Brief: All of the entries below should be returned verbatim, apart from the pictures.

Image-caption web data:
====
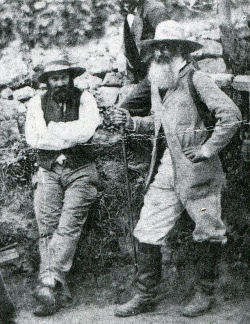 Historic photo of Pissarro and Cezanne, both bearded, both wearing slouch hats, standing, black and white.
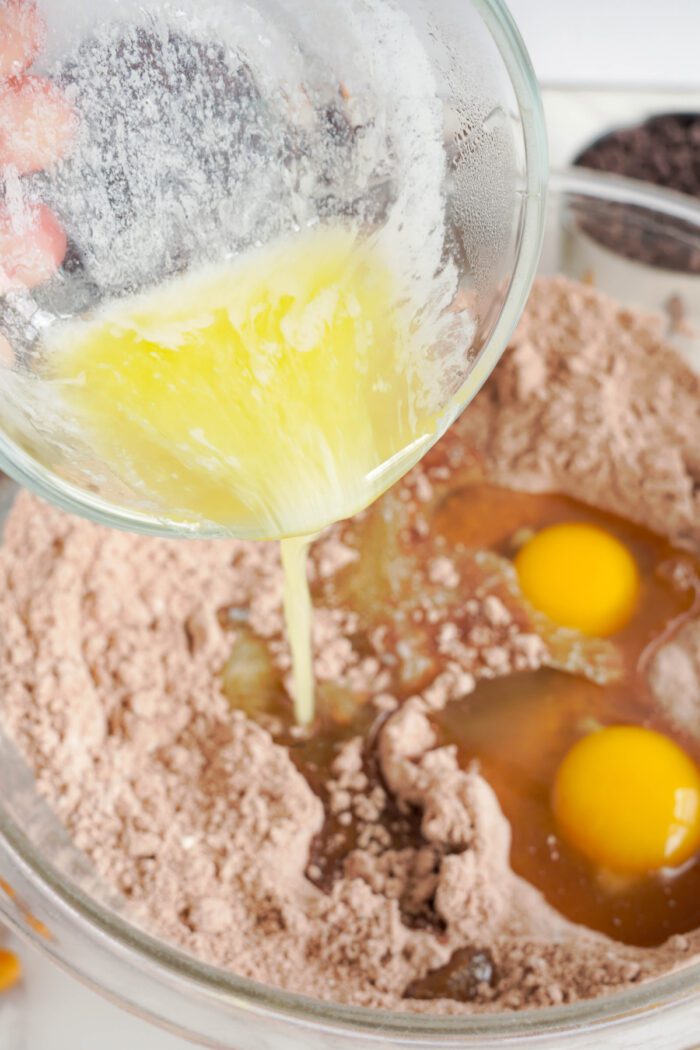 Candy Bar Brownie Cookies adding eggs and butter into bowl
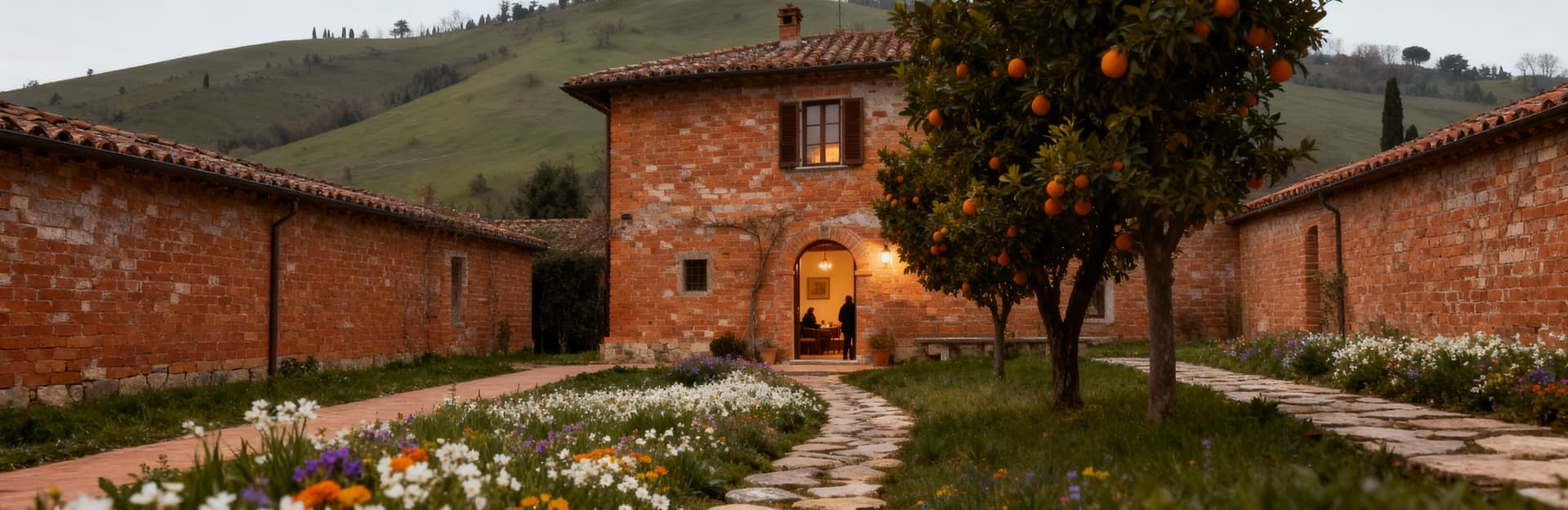 Agriturismo rustico in Piemonte, circondato da colline verdi, con sentiero di pietre e fiori, in una luce invernale calda.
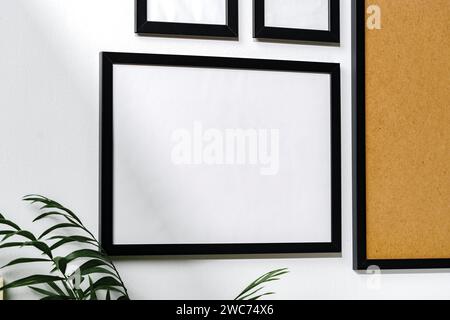 Set of black frames on white wall with copy space Stock Photo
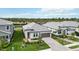 Single-Gathering home with tile roof, driveway, and landscaped front yard at 16714 Savory Mist Cir, Bradenton, FL 34211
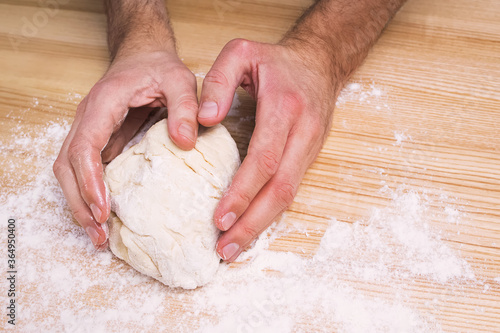 Man's hands working with dough on the wooden table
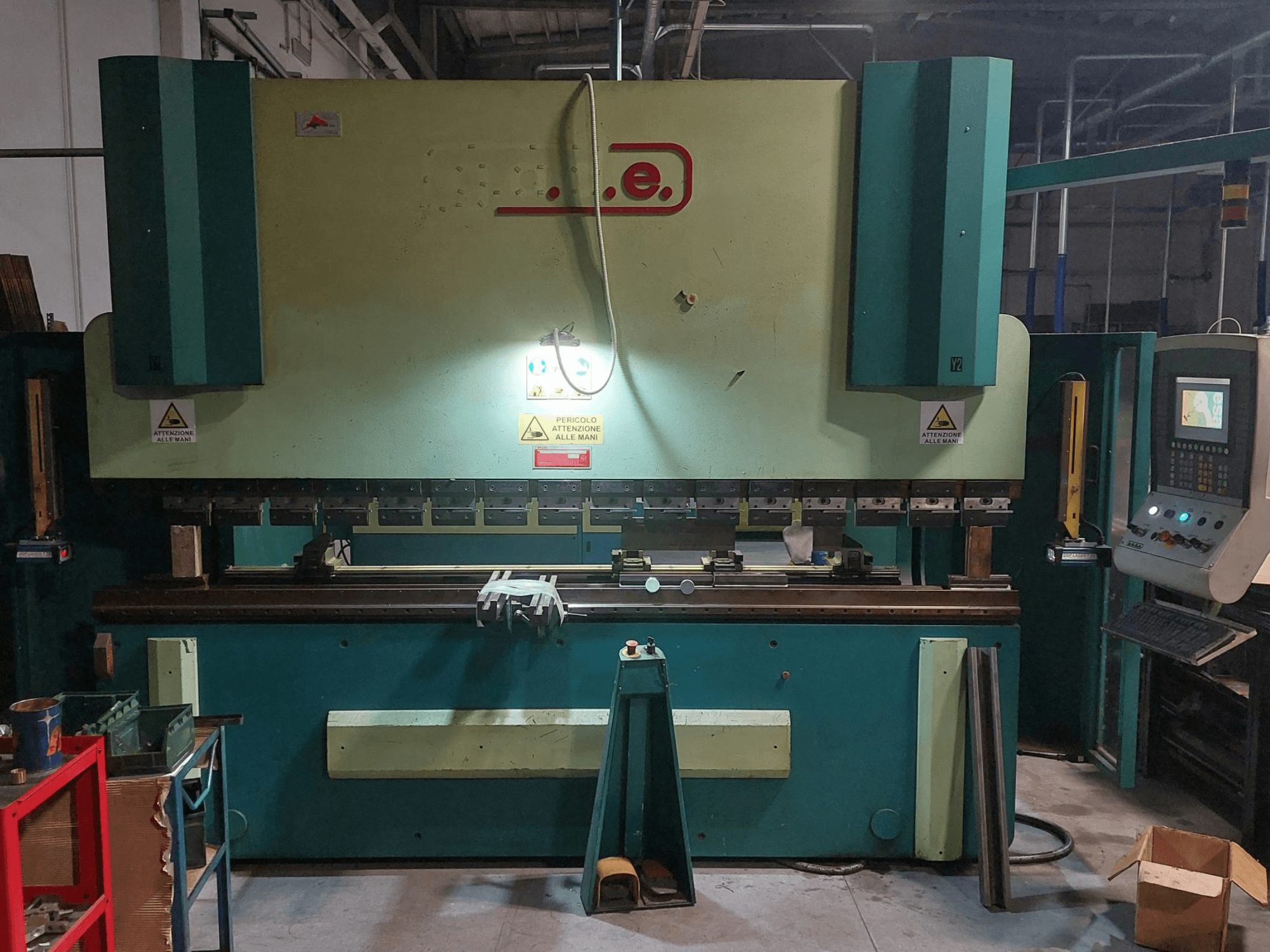 Vista frontal da prensa-dobra Gade PS-C 3120, com o painel de controlo, os sinais de segurança e a área de trabalho com ferramentas e materiais.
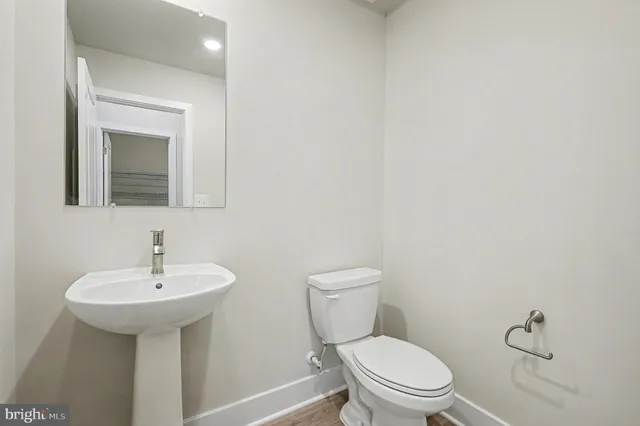 a bathroom with a toilet a sink and mirror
====
Response below:
 Historic photo of Pissarro and Cezanne, both bearded, both wearing slouch hats, standing, black and white.
 Candy Bar Brownie Cookies adding eggs and butter into bowl
 Agriturismo rustico in Piemonte, circondato da colline verdi, con sentiero di pietre e fiori, in una luce invernale calda.
 Set of black frames on white wall with copy space Stock Photo
 Single-Gathering home with tile roof, driveway, and landscaped front yard at 16714 Savory Mist Cir, Bradenton, FL 34211
 Man's hands working with dough on the wooden table
 Vista frontal da prensa-dobra Gade PS-C 3120, com o painel de controlo, os sinais de segurança e a área de trabalho com ferramentas e materiais.
 a bathroom with a toilet a sink and mirror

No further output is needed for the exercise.